Assignment: Transcribe the records below word for word, beginning with the first line and stopping after the line that contains "Tablet Screenshot of hsozarks.org"; pictures are not part of the copy.

Supplied material:

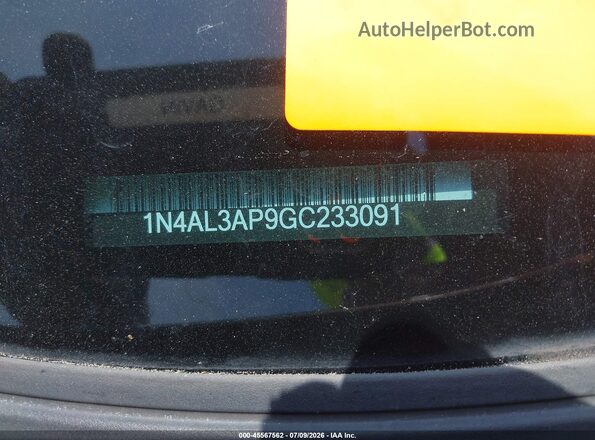 1N4AL3AP9GC233091 2016 NISSAN ALTIMA Gray 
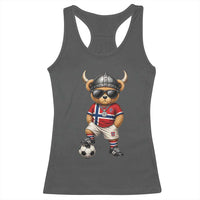 Norway Soccer Fan Racerback Tank Top Cool Viking Bear Nordic Football Norwegian Flag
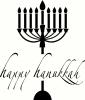 Happy Hanukkah (4) vinyl decal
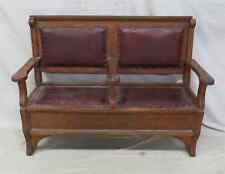 Antique oak leather for sale  Mcminnville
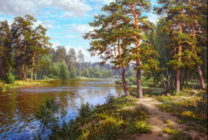 Без бренда «Хвойный лес и река» в Твери в интернет-магазине  Без бренда «Хвойный лес и река» в Твери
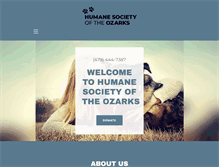 Tablet Screenshot of hsozarks.org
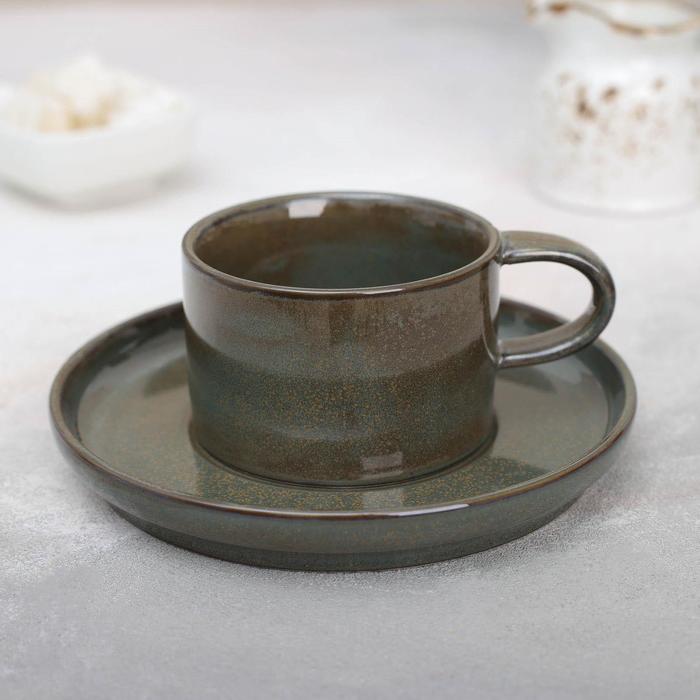 Чайная пара «Пайро», чашка 220 мл, блюдце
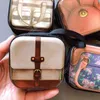 New creative tinplate coin purse mini key case retro record tape luggage pattern earphone coin storage bag DAR165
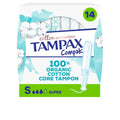 TAMPAX TAMPAX ALGODÓN 100% ORGANICO tapón super 14 u
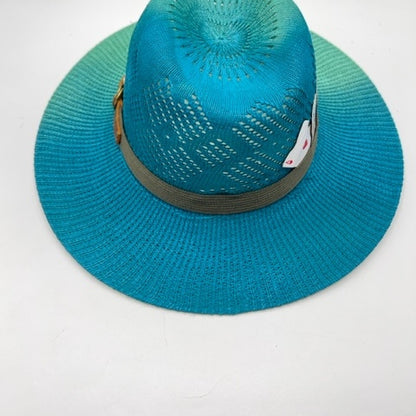 2 colors straw fedora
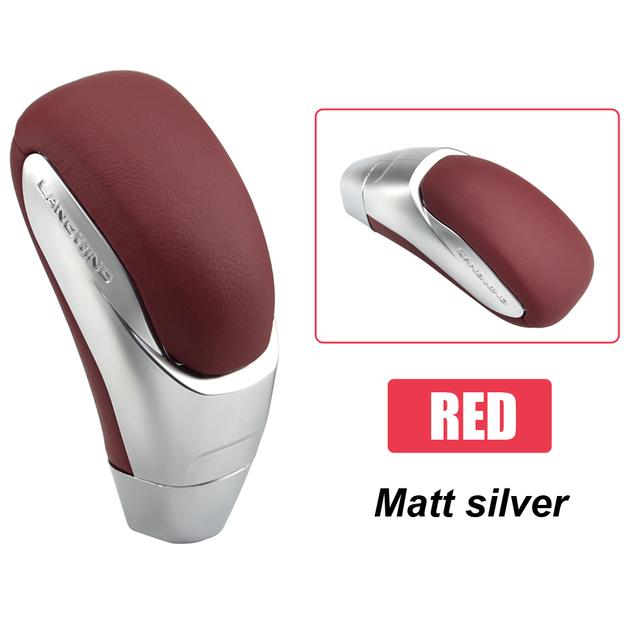 Buton schimbător de viteze pentru mașină Cap de schimbător de viteze din piele pentru Mazda 3 2006 2007 2008 2010 2011 2012 ani Maneta schimbator Stick Accesorii auto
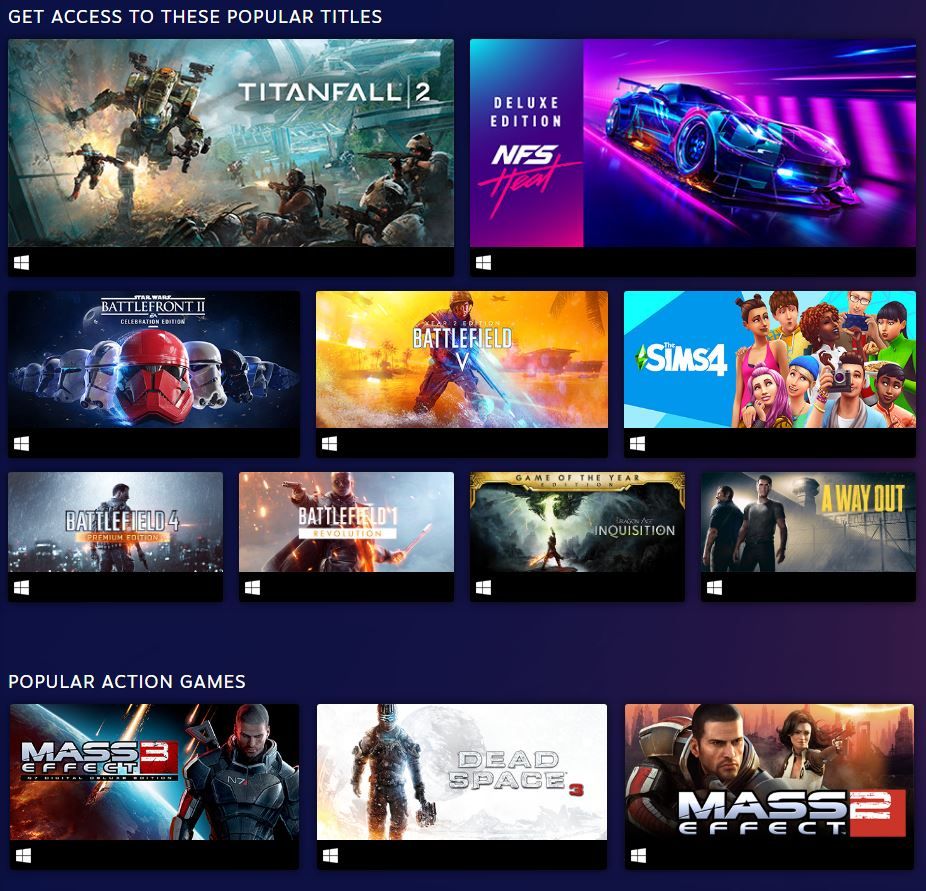 EA Play Subscription Service Joins Steam August 31st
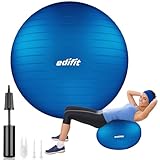 EDIFIT, Gymnastikball, 55, 65 und 75, Pezziball, Einschließlich Inflator,...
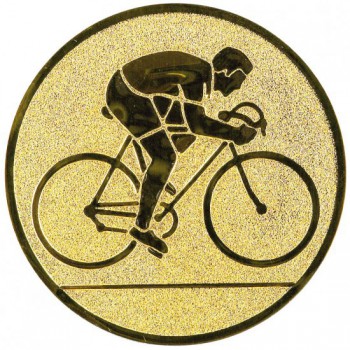 Kokardy.cz ® Emblém cyklistika zlato 50 mm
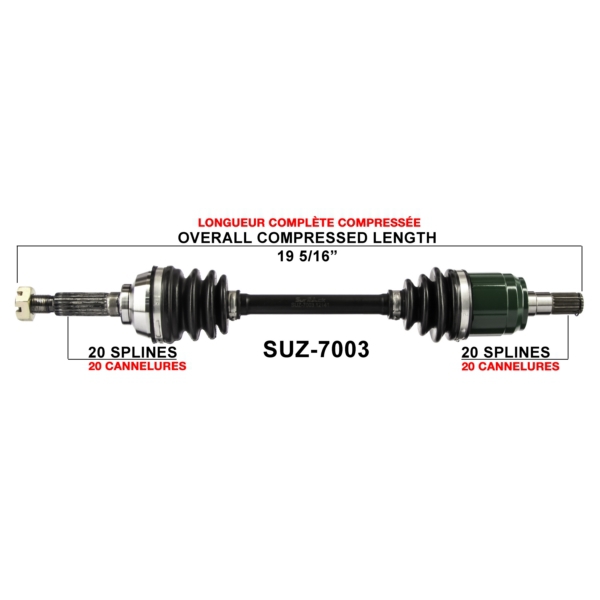 TrakMotive Cardan complet Suzuki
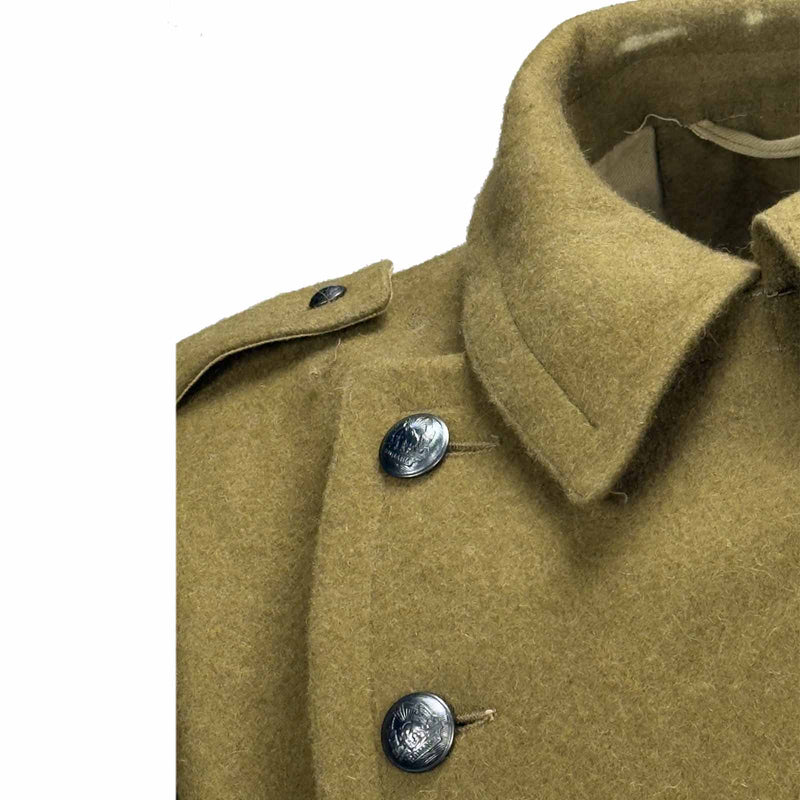 Romanian Army Vintage Wool Greatcoat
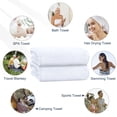 thumbnail image 6 of White Bath Towels Set of 4, Large & Ultra Soft Bath Towels 35x70in, Highly Absorbent and Quick Dry Hotel Towels for Bathroom Gym Swim, Durable Microfiber Shower Sheets for Adult,Pet, 6 of 7
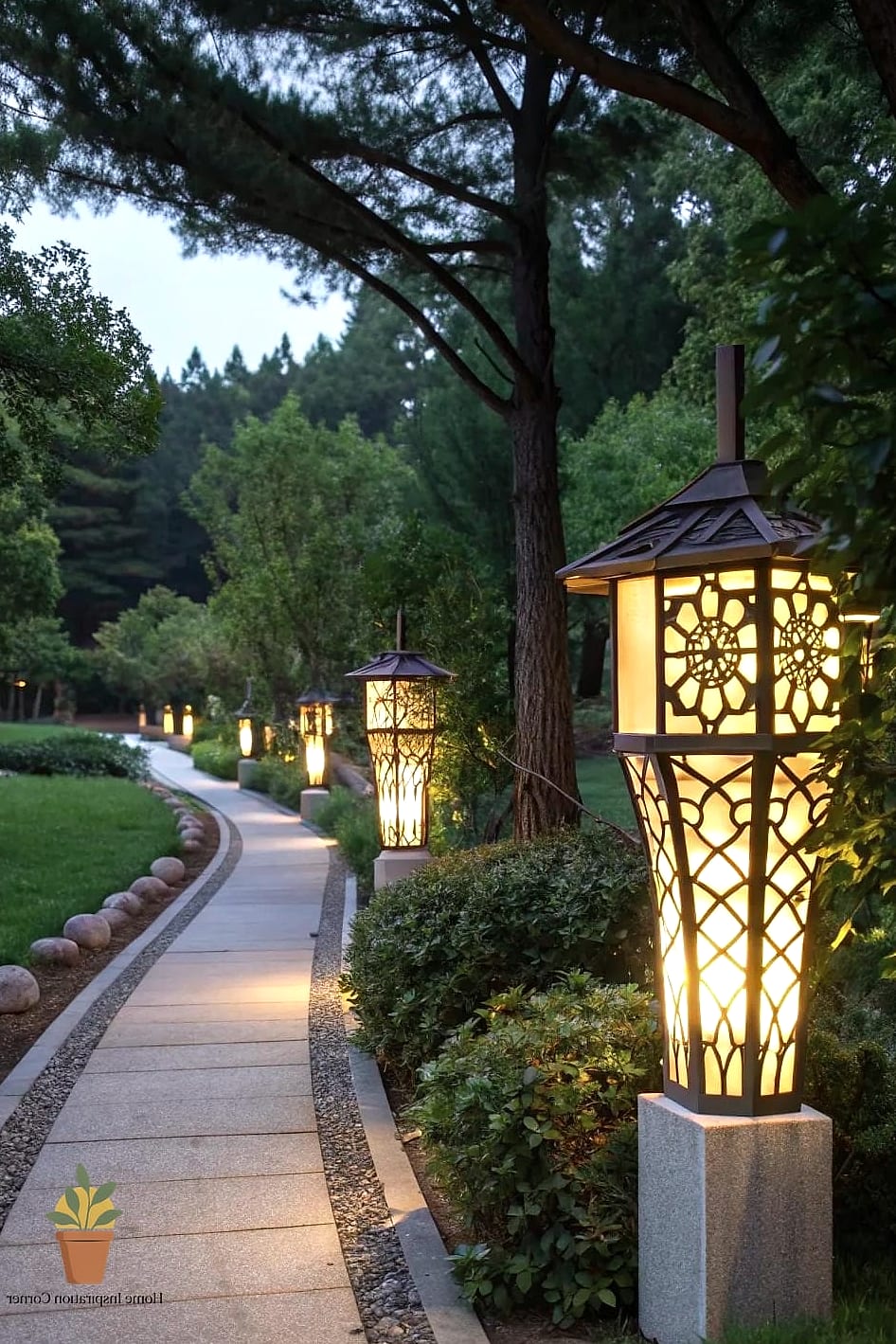 21 Outdoor Lighting Ideas Ideas to Upgrade Your Home This Weekend 4 Lanterns Flanking the Front Door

Task response:
 1N4AL3AP9GC233091 2016 NISSAN ALTIMA Gray 
 Norway Soccer Fan Racerback Tank Top Cool Viking Bear Nordic Football Norwegian Flag
 Happy Hanukkah (4) vinyl decal
 Antique oak leather for sale  Mcminnville
 Без бренда «Хвойный лес и река» в Твери в интернет-магазине  Без бренда «Хвойный лес и река» в Твери
 Tablet Screenshot of hsozarks.org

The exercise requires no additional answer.